Benzina: Governo lavora per taglio prezzi, verso riduzione accise

15 Marzo 2022, di Mariangela Tessa

Frenare la corsa di benzina e gasolio, contenere gli aumenti delle bollette di luce e gas per famiglie e imprese, rinnovando anche il meccanismo delle rate. Questi gli obiettivi del Governo che, complice il deteriorarsi della situazione economica causa guerra in Ucraina, cercherà di mettere in campo già nel consiglio dei ministri di giovedì un primo decreto ‘taglia-prezzi’ che potrebbe contenere un primo pacchetto di misure anti-crisi, per dare risposte subito e cercare di tranquillizzare i cittadini che faticano a fare il pieno e hanno iniziato a fare scorte nei supermercati. E che dovrebbe anche indicare la road map per l’uscita dall’emergenza covid.

Decreto taglia prezzi: le misure attese per la benzina

Di sicuro ci sarà la riduzione delle accise su benzina e diesel – attraverso l’extragettito Iva – e potrebbe trovare posto subito anche il nuovo intervento sulle rate per le bollette – per ora è previsto un meccanismo rafforzato, il 50% subito e il resto in 10 rate, per i pagamenti di luce e gas emessi da gennaio ad aprile.

Interventi più ampi sono attesi per effetto di un coordinamento Ue: non solo il via libera al temporary framework sugli aiuti di Stato modello Covid, ma anche decisioni del Consiglio Ue del 24 e 25 marzo sulle spese che dovranno affrontare gli Stati per evitare che la frenata dell’economia diventi recessione.

Da dove arriveranno le risorse

Sul fronte delle risorse, il Governo può contare su un extragettito Iva, 200 milioni solo a marzo secondo i calcoli di Assopetroli, proiettato su tutto l’anno potrebbe portare fino a 2 miliardi.

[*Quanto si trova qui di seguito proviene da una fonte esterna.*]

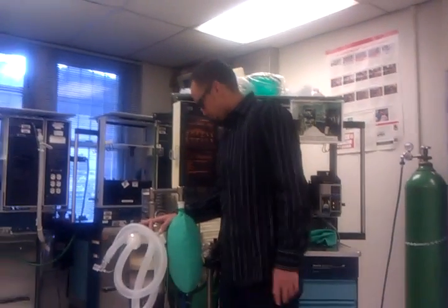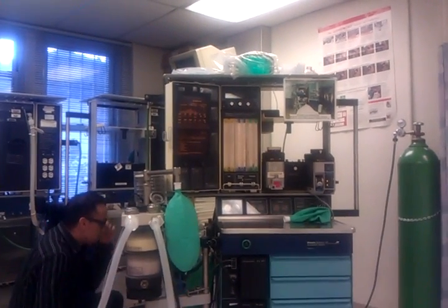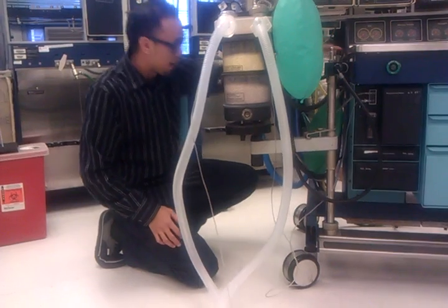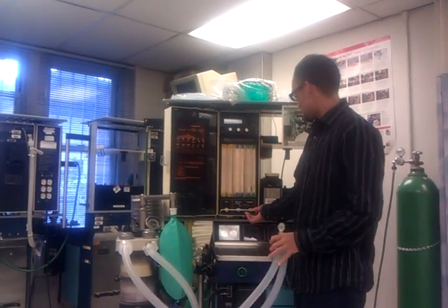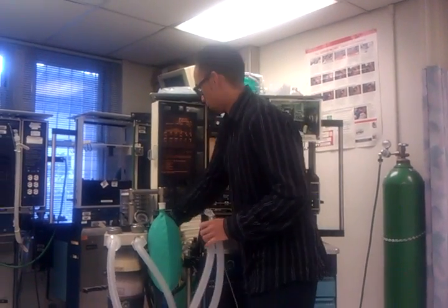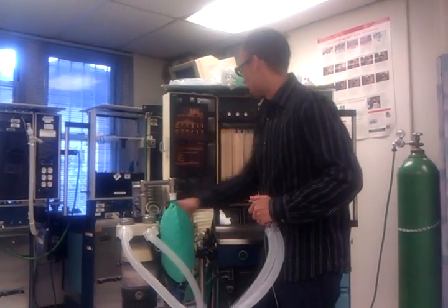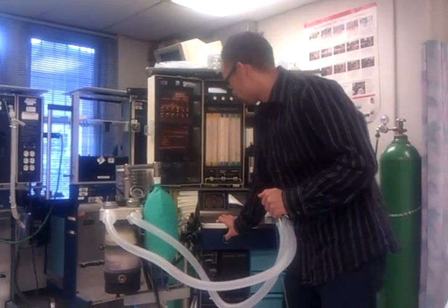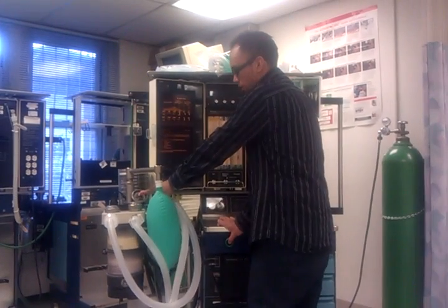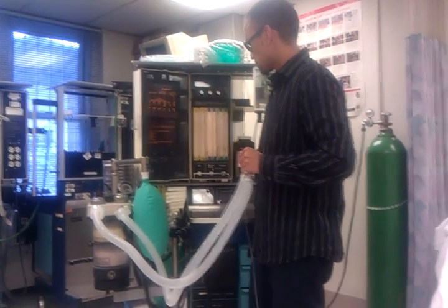I'm going to check my scavenger system. First I want to see if my APL valve is connected to my scavenger — which it is — and check my ventilator relief valve functioning. Set my waste gas vacuum to the adequate parameter. I'll put flow at 2 liters a minute, occlude the APL, and see if my pressure gauge reads at zero — indicating adequate vacuum — and the bag slowly deflates. I'll flush it to make sure the gauge reads below 10 centimeters of H2O, which it does, indicating a good vacuum of the waste gas.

Risorse che potrebbero consentire di tagliare il prezzo alla pompa di almeno 15 centesimi.

Ma per trovare fondi sufficienti a dare ossigeno a famiglie e imprese il governo sta anche studiando il modo per estendere il prelievo sugli extraprofitti – introdotti per le produzioni da rinnovabili – anche alle altre società energetiche.  Per il grosso degli aiuti, soprattutto le attività economiche esposte anche ai rincari delle materie prime, bisognerà comunque aspettare che si definisca la cornice europea.

Benzina, rincari record

Oggi stime aggiornate di Confcommercio, indicano che  un aggravamento delle tensioni internazionali potrebbe comportare per le imprese del settore del commercio, della ricettività, della ristorazione una maggiore spesa energetica di quasi 30 miliardi di euro nel 2022, con un incremento di oltre il 160% rispetto al 2021. La Confederazione sottolinea che gli stessi motivi potrebbero causare 21 miliardi di extra costi per il carburante per il solo autotrasporto.

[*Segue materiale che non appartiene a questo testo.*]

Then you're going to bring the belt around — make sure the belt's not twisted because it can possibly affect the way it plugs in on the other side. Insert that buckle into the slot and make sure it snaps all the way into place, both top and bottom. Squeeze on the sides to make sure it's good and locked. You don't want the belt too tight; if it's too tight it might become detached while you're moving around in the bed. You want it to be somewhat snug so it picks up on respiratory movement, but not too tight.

Intanto, a pochi giorni dalle parole del ministro della Transizione Ecologica, Roberto Cingolani, che, a proposito dei prezzi di carburanti ed energia, ha parlato di “colossale truffa a spese delle imprese e dei cittadini”, la Procura di Roma ha aperto un fascicolo di indagine. Si tratta di un procedimento al momento contro ignoti senza indagati e senza ipotesi di reato.

“L’indagine è volta a verificare le ragioni di tale aumento ed individuare eventuali responsabili” fanno sapere dalla Procura, ma i rincari non si arrestano. Anche oggi si sono registrati aumenti sulla rete carburanti con il gasolio che supera la benzina. “I prezzi del gasolio sono fuori controllo” taglia secco il presidente di Conftrasporto Paolo Uggé.